O
homem é o que ele inventa de si mesmo. O fato é real apenas enquanto acontece e
extingue-se no instante seguinte. Ou necessita ser reinventado inúmeras vezes,
tanto que a sua essência torna-se a própria mudança. Não há maneira de
colocá-lo diante dele mesmo, exigindo-se que se reconheça. Ele terá a impressão
de se enxergar ali, naquele lugar, naquelas roupas. Na fotografia, reconhecerá
a si mesmo, suspeitando de que alguém lhe forjou o passado. Tudo que antes era reconhecidamente
dele, noutro instante, desgarra-se. E todo um mundo em que anteriormente se
tocava, desmancha-se. O passado é um fantasma evocado pelo memorialista. Toda a
sua carne é feita de gaze fina, e a sua voz é melancólica como o canto do
urutau. O memorialista (re) força a confissão do fantasma para resgatar o
passado e tudo o que ouve é a própria voz costurando os vãos do cômodo.
Quintal dos Dias, de Nilto Maciel,
escrito como um móbile, pode ser lido como a exorcização de si mesmo através da
rememoração de sua própria trajetória. A memória é uma matéria informe e os
fatos, quanto mais distantes, mais irreais. Mesmo na esfera pessoal, os tempos
confundem-se: passado e presente agem simultâneos.

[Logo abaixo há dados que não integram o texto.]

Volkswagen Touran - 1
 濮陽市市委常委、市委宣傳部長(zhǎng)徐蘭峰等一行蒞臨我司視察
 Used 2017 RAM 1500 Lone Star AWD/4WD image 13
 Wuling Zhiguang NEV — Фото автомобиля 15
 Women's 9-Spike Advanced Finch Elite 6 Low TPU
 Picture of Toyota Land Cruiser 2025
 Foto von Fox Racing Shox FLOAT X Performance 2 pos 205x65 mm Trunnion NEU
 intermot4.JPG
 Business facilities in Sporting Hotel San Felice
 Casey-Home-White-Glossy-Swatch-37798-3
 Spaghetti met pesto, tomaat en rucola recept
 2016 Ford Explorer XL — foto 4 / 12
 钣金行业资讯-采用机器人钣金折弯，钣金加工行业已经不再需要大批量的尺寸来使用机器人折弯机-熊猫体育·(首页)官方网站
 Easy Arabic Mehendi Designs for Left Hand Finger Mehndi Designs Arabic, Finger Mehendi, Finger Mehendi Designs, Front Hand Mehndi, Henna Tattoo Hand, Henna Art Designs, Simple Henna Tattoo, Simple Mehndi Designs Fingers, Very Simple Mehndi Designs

E a mãe morta pode estar na
cozinha, preparando o assado para o almoço domingueiro, ou aquele tio pode
estar buzinando no portão para o passeio vespertino no verão pela cidade, em
seu carro velho. As memórias, os dilemas e toda educação sentimental e
literária exposta em uma linguagem cerrada, perfurante e comovente. E,
sobretudo, serena. A evocação não é de um espírito turbulento, ou com vontade
de um acerto de contas. O balanço não tem como saldo final determinado
resultado. Tudo está reunido e desmembrado. Estranhamente. Ternamente. O
narrador cáustico fustiga de impropérios os falsos amantes da literatura; em
seu furor inquisitorial, aponta o dedo para os vendilhões do templo, cai
vencido pelo cinismo e pela mediocridade do mercado. Depois da queda, o
consolo: o tempo. O único remédio para todas as inquietações e destemperos.
Escrevi
uma pequena nota, apesar da peroração do autor de Quintal dos Dias, em que perguntava, com interesse de resposta, às
grandes editoras do país, qual, dentre elas, iria ao Ceará, inquirir a Nilto
Maciel sobre seus alfarrábios. E, após intenso interrogatório, arrancá-los dele
e publicá-los. A resposta ainda não veio. Certamente um dia, virá. Cedo ou
tarde para nós ou para eles. Teremos como testemunhas apenas as estrelas ou
talvez nem elas. Se nenhum de nós mais
estiver por aqui, procurem-nos pelas mangueiras dos longínquos quintais, nas
sacadas repletas de luz, onde nossos rostos translúcidos trarão o tom de cada
manhã e onde nosso corpo estará espalhado pelo que ainda é o dia.